Note to self: watch ProMed-mail for results of blood tests of South African man who fell ill and died in Brazil last week. Early reports suggested it might have been highly contagious arenavirus--and linked to earlier case in Johannesburg clinic. Two days later, health authorities from South Africa said that scenario was unlikely. The blood tests should say for sure. Unclear if results will be out this week.

Another reason to control rat populations in cities: arenaviruses are closely associated with rodents.

Update: Word from Brazil is that it's spotted fever, not arenavirus.

Thursday, December 4, 2008

Story-Telling Makes Sense

Making the obvious difficult. We tell stories to deal with information overload (http://is.gd/af7f) and understand complexity (http://is.gd/af7j).

Monday, December 1, 2008

New Gates Grant for Global Health News

An announcement is due later today from The NewsHour with Jim Lehrer that the Bill & Melinda Gates Foundation is giving WETA, co-producer of The NewsHour, a $3.5 million grant over the next three years to cover global health issues. Foundation-funding of publicly funded news programs like The NewsHour is becoming more and more important as other sources of money, like corporate-funding, dry up.

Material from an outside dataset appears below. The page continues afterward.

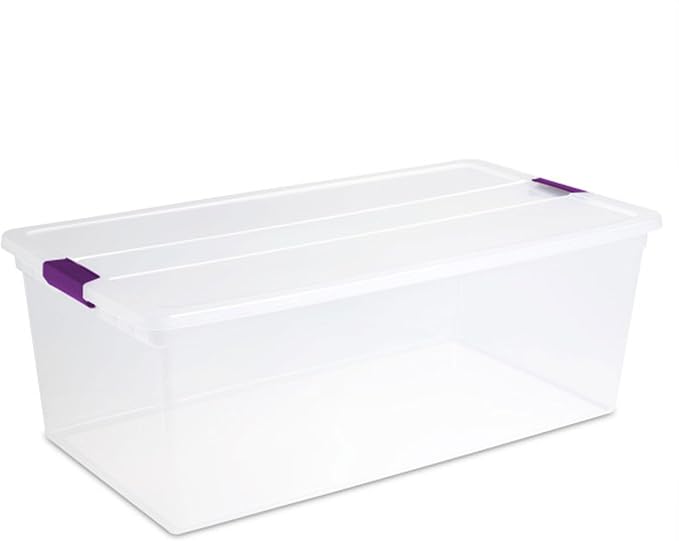 Sterilite 12-Pack 110 Quart ClearView Latch Box, Stackable Organizer Bins with Latching Lids - Clear Plastic Organization Containers for Closet, Bedroom, Shelving Units and Everyday Home Storage - Image 6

Other recent investments in global health news coverage by the Gates Foundation include:

1. A nearly $1 million, three-year grant for National Public Radio in 2006.

2. A $5 million, three-year grant for Public Radio International in 2007.

This latest move suggests the Gates Foundation has made a strategic decision to fund news-coverage directly, as opposed to, say, training for journalists in global health issues. In 2007, the Gates Foundation gave the Knight Foundation $1.7 million over three years for health fellowships for journalists in sub-Saharan Africa. Earlier this year, however, the Gates Foundation chose not to renew its three-year grant to the Nieman Foundation for Journalism at Harvard.

The Nieman Foundation is continuing its global health program—although it will award two fellowships next year instead of three.

I’m very interested to see how the Gates-funded NewsHour navigates the challenge of reporting on global health programs that are funded by the Gates Foundation and of interviewing experts who are also receiving funding from the Gates Foundation.

Full disclosure: I received a 2008 Nieman Fellowship for Global Health Reporting. The Gates Foundation had no say in the choice of my field project. And I dealt with even the potential appearance of a conflict-of-interest issue by focusing on the nursing brain drain in Malawi—an issue that, as far as I can tell, has received no Gates funding.

Updated to add Knight Foundation information.